Release Notes for ModeShape 4.5.0.Final
This document outlines the changes that were made in ModeShape 4.5.0.Final.
We hope you enjoy it!
What's new
This release addresses 10 bugs and 7 enhancements, most notably:
Rebuilding indexes incrementally - prior to this release, ModeShape did not have the ability to rebuild indexes (reindex)
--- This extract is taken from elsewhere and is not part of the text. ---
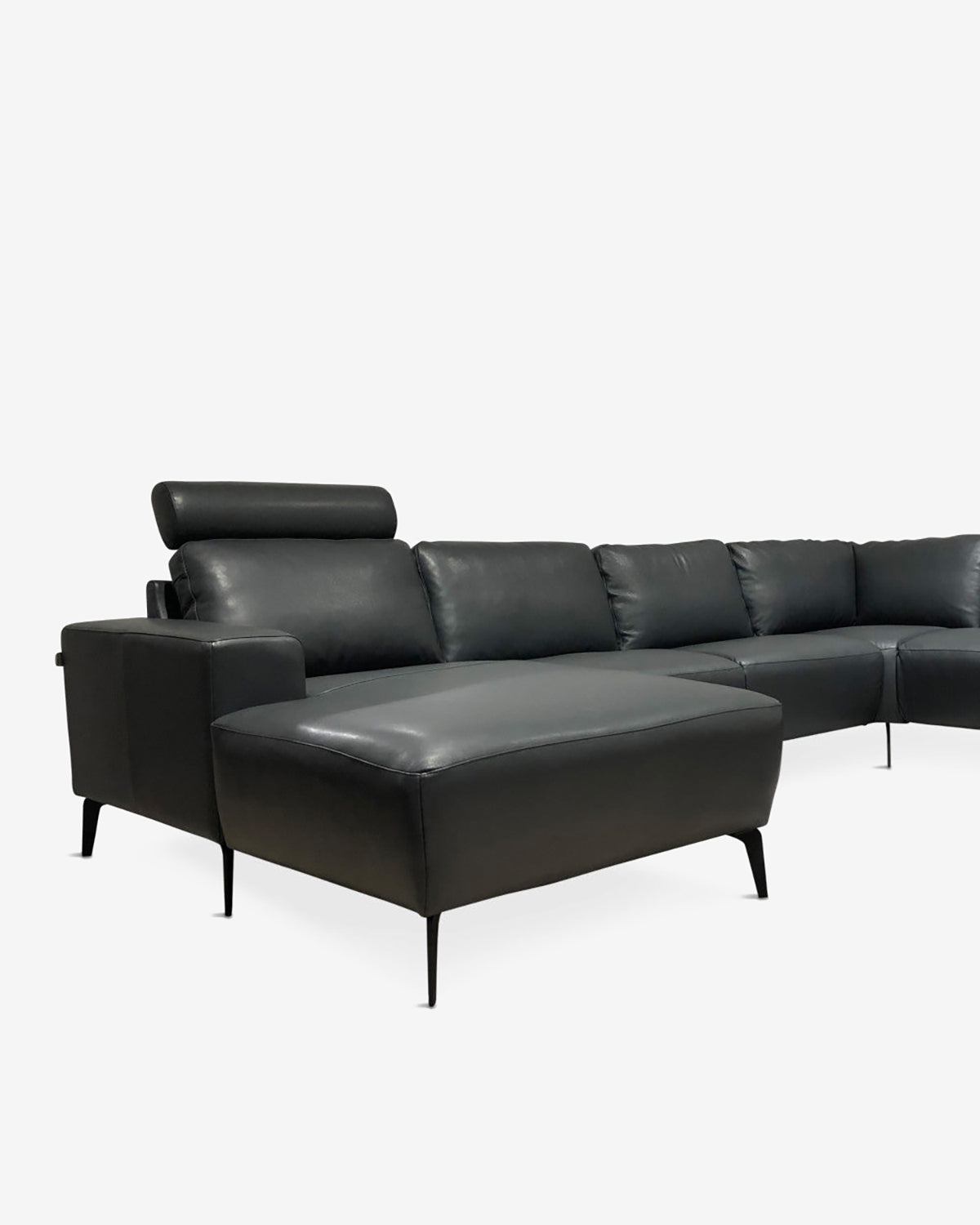 Modu byggesofa, antracite læder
from a given point in time, it only supported full reindexing. With this new feature
(that requires the event journal to be enabled) the repository is
able to reindex nodes from a certain timestamp onwards.
This new feature also allows, when running in a cluster, for a cluster
node which was previously down to update its indexes automatically by getting the delta from the other nodes. In other words,
a full reindexing operation is no longer required to bring a cluster node up-to-date index-wise.
See the ModeShape documentation for more information.
Storing indexes in Lucene - this has been a long outstanding feature which was missing in ModeShape 4 ever since the new
indexing design was introduced. Starting with this release, in addition to the Local (MapDB based) index provider, it is
possible to store indexes and run queries using Lucene 5.
See the ModeShape documentation for more information.
Allowing CAST as a dynamic operand in queries - see this issue for more information
Support custom Locales in queries - see this issue for more information
Features
ModeShape 4.5.0.Final has these features:
- ModeShape uses Infinispan for all caching and storage, giving a powerful and flexible
foundation for creating JCR repositories that are fast, scalable, and highly available.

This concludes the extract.